Could you write out, word for word, each line from the one containing "blurry lionfish" to the last line of the data below, both included and nothing more?
--- PROVIDED MATERIAL ---
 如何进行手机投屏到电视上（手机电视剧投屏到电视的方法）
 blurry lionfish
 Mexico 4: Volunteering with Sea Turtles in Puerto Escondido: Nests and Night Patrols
---
:: YOUR SOLUTION ::
 blurry lionfish
 Mexico 4: Volunteering with Sea Turtles in Puerto Escondido: Nests and Night Patrols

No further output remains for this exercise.